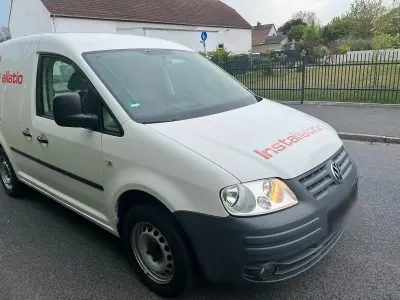 Gebraucht VW Caddy 75 PS (55 kW) 2009 Weiß Van / Kleinbus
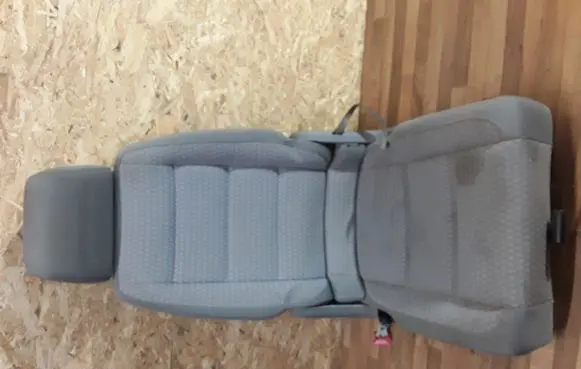 Volkswagen Touran I Second row seats 1T0883063B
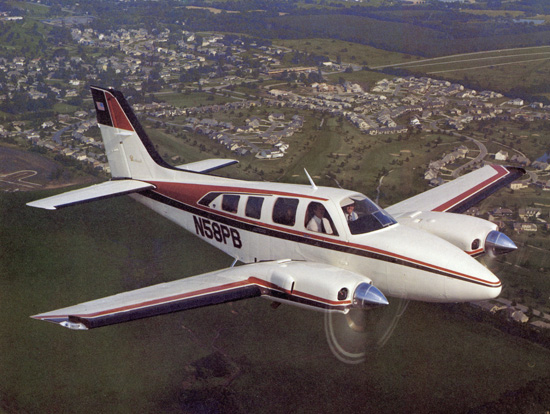 Beechcraft Baron 58 aircraft photograph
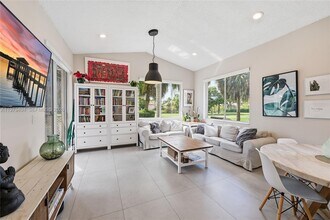 1166 SW 158th Way in Pembroke Pines, FL - Building Photo - Building Photo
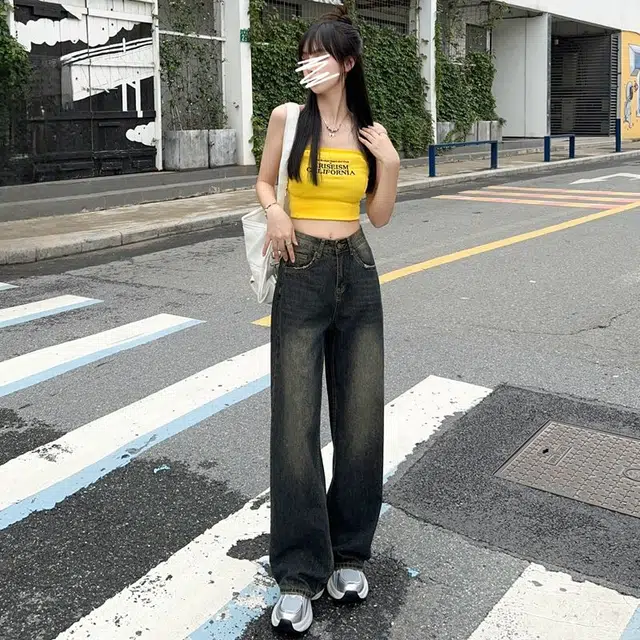 M JEANS STUDIOS 7 2025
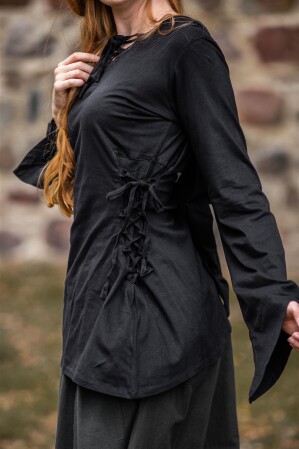 Laced top "Lea" with hood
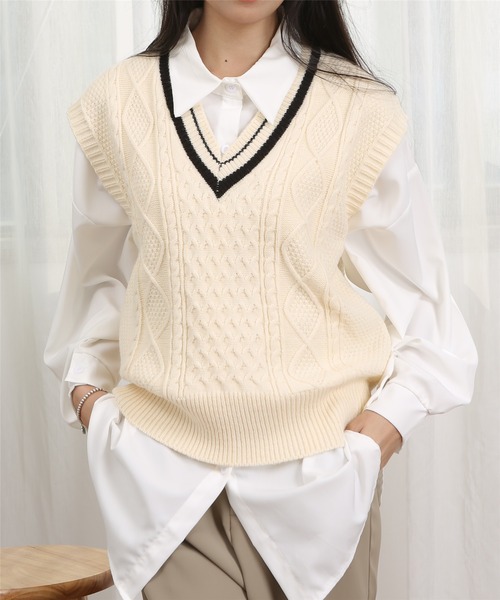 MAISON DE THERESE(メゾン ド テレーズ)の「Vネック 配色ニットベスト(ベスト・レディース・Off White/ネイビー/ベージュ・FREE)」の20枚目の写真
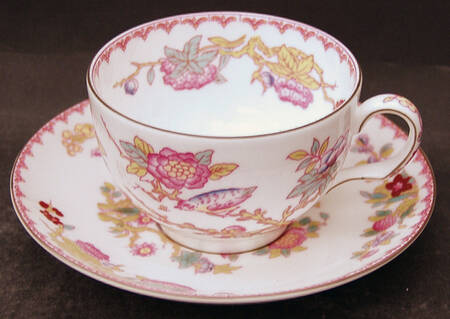 Cuckoo (Smooth, White, Wreath Bkstp) Flat Cup & Saucer Set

WHAT YOU ARE ASKED TO DO: The full listing, reproduced exactly and without pictures, is the expected output.

REPLY:
 Gebraucht VW Caddy 75 PS (55 kW) 2009 Weiß Van / Kleinbus
 Volkswagen Touran I Second row seats 1T0883063B
 Beechcraft Baron 58 aircraft photograph
 1166 SW 158th Way in Pembroke Pines, FL - Building Photo - Building Photo
 M JEANS STUDIOS 7 2025
 Laced top "Lea" with hood
 MAISON DE THERESE(メゾン ド テレーズ)の「Vネック 配色ニットベスト(ベスト・レディース・Off White/ネイビー/ベージュ・FREE)」の20枚目の写真
 Cuckoo (Smooth, White, Wreath Bkstp) Flat Cup & Saucer Set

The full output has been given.